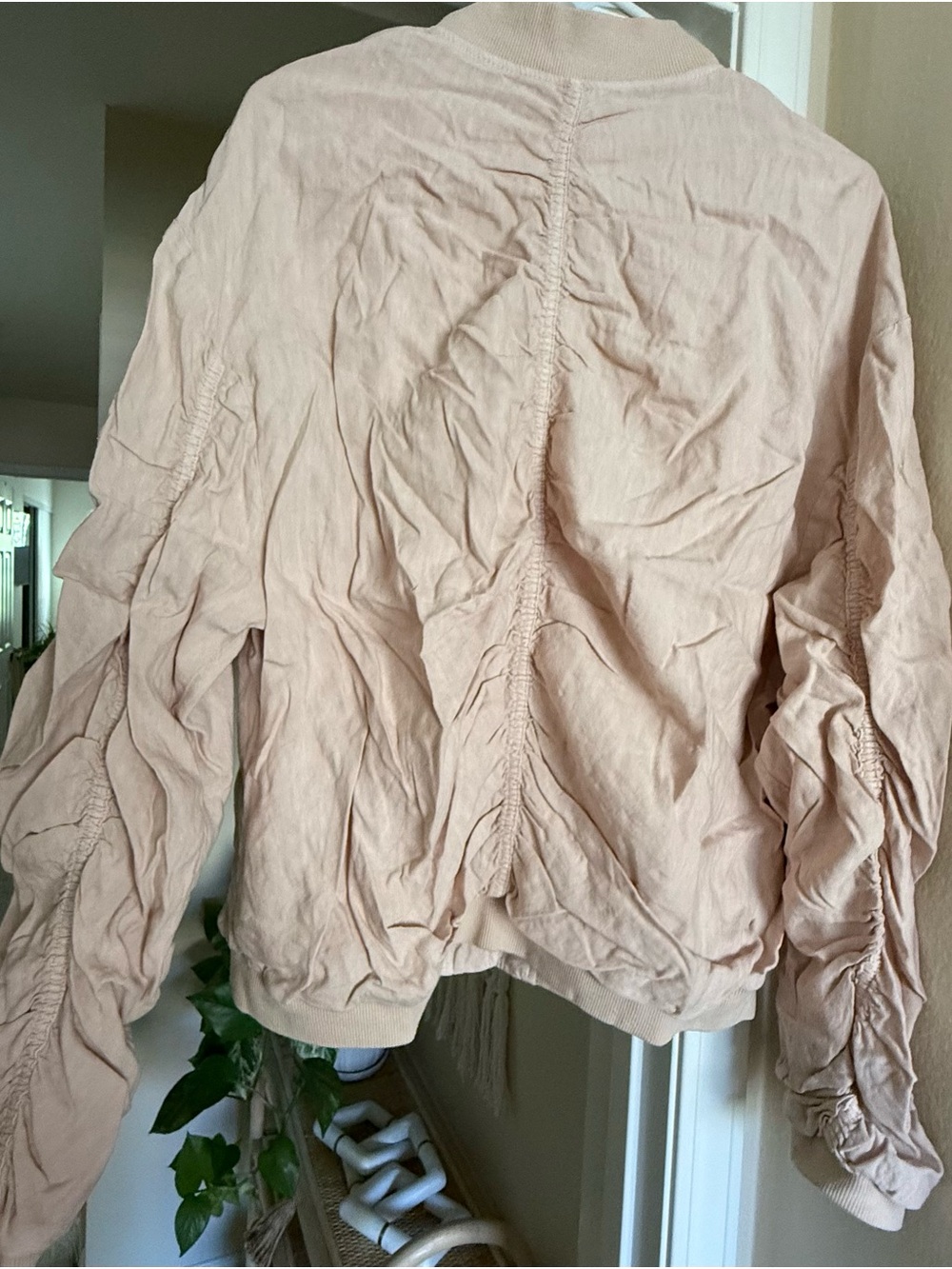 Free People Women's Light Pink Gathered-Detail Jacket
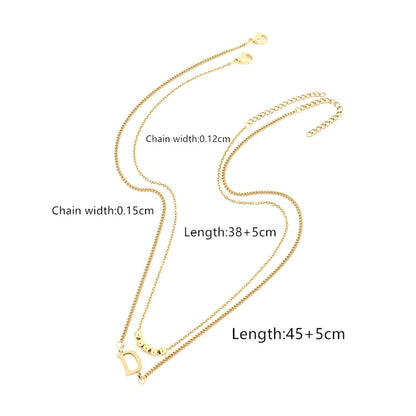 2 Pcs/set Gold Classic Fashion Initial Letter Copper Bead Stainless Steel Bracelet Women Necklace Suit
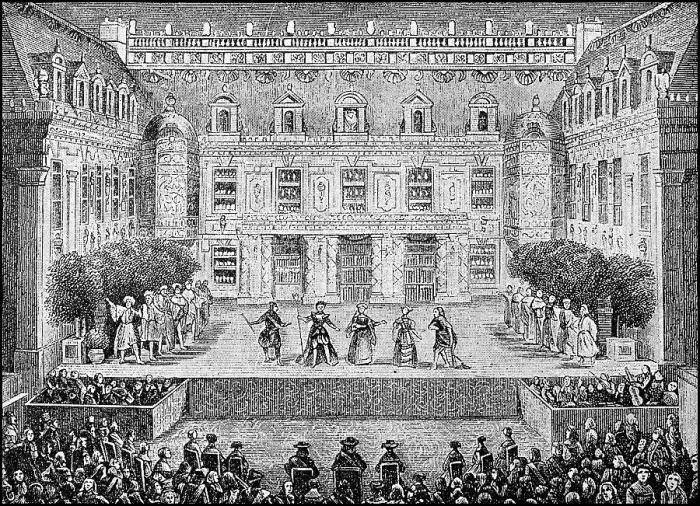 Framed Print : First performance of the opera Alceste by Jean-Baptiste Lully in the marble courtyard at Versaille Framed Print : First performance of the opera Alceste by Jean-Baptiste Lully in the marble courtyard at Versaille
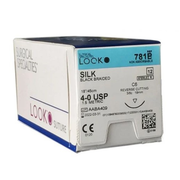 LOOK™ Silk Black Braided  Reverse Cutting 19mm 3/8 Circle 4-0 / 18”/45cm / 12/box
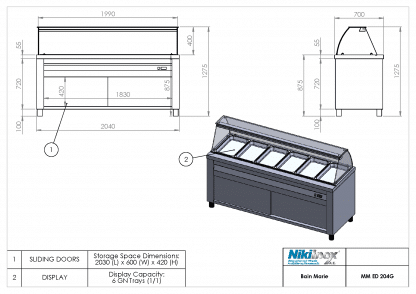 Επιδαπέδιο μπαιν μαρί βιτρίνα με προθήκη νερού για 6 GN 1/1, μήκους 204εκ. MM-ED-204G Niki Inox - Image 2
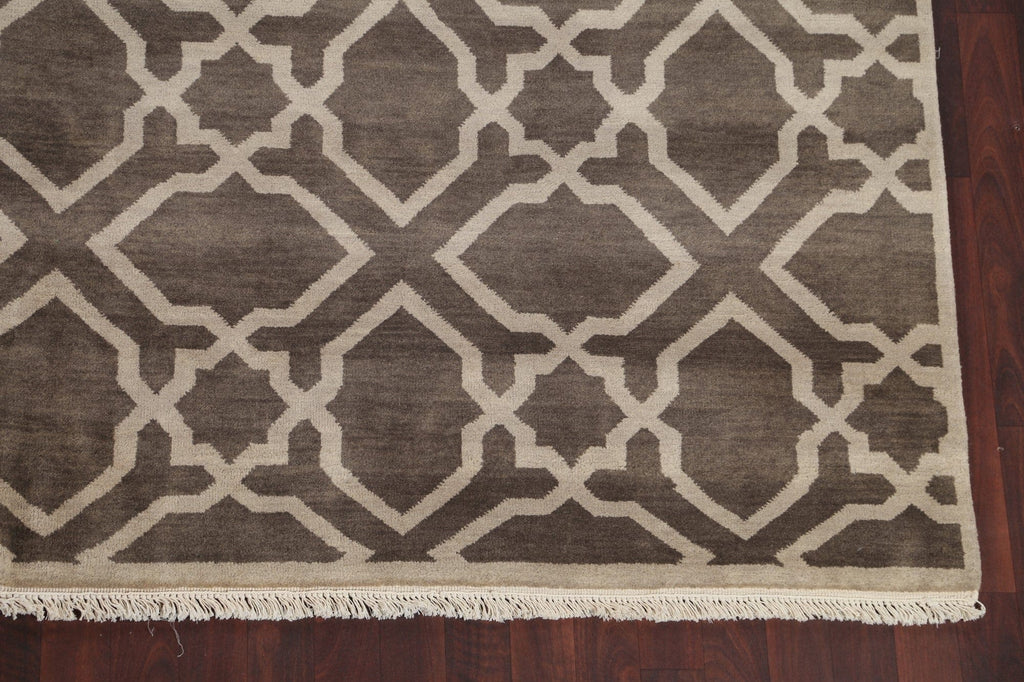 Brown Geometric Modern Oriental Area Rug 8x10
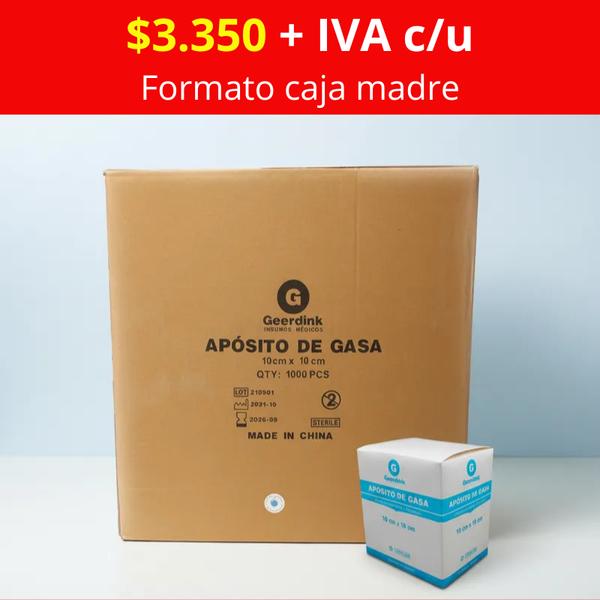 Apósito No Tejido Estéril Geerdink 10×10 cm | Caja Madre (40 cajas × 25 apósitos)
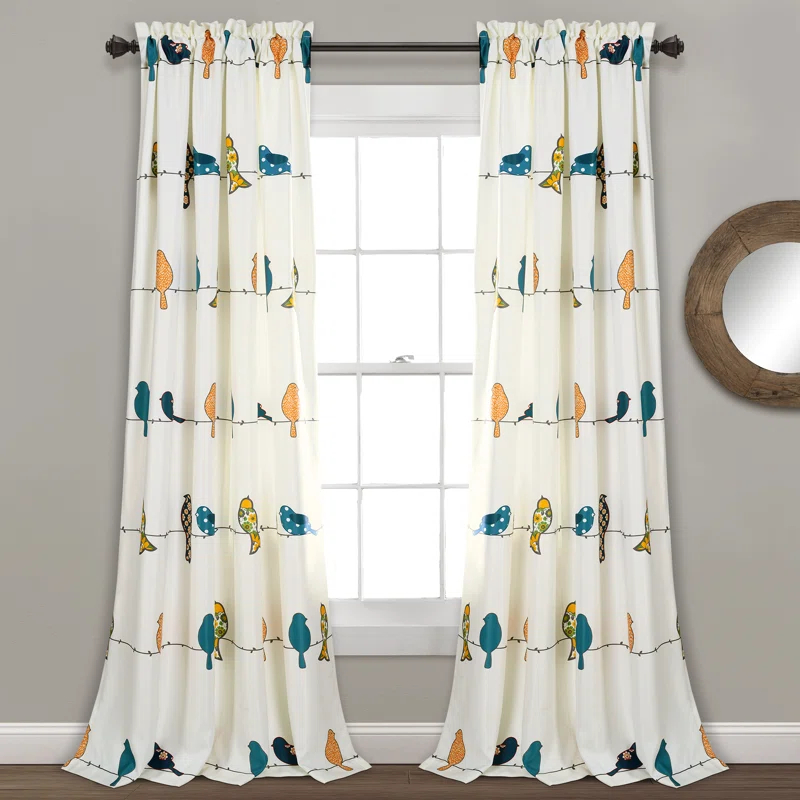Frifoho Rowley Birds Room Darkening Thermal Rod Pocket Curtain Panels (Set of 2)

----------

** Exercise **
Each line from the first line of the listing above through the line containing "2 Pcs/set Gold" is to be written out exactly, and the pictures are to be left out.

** Answer to this problem **
 Free People Women's Light Pink Gathered-Detail Jacket
 2 Pcs/set Gold Classic Fashion Initial Letter Copper Bead Stainless Steel Bracelet Women Necklace Suit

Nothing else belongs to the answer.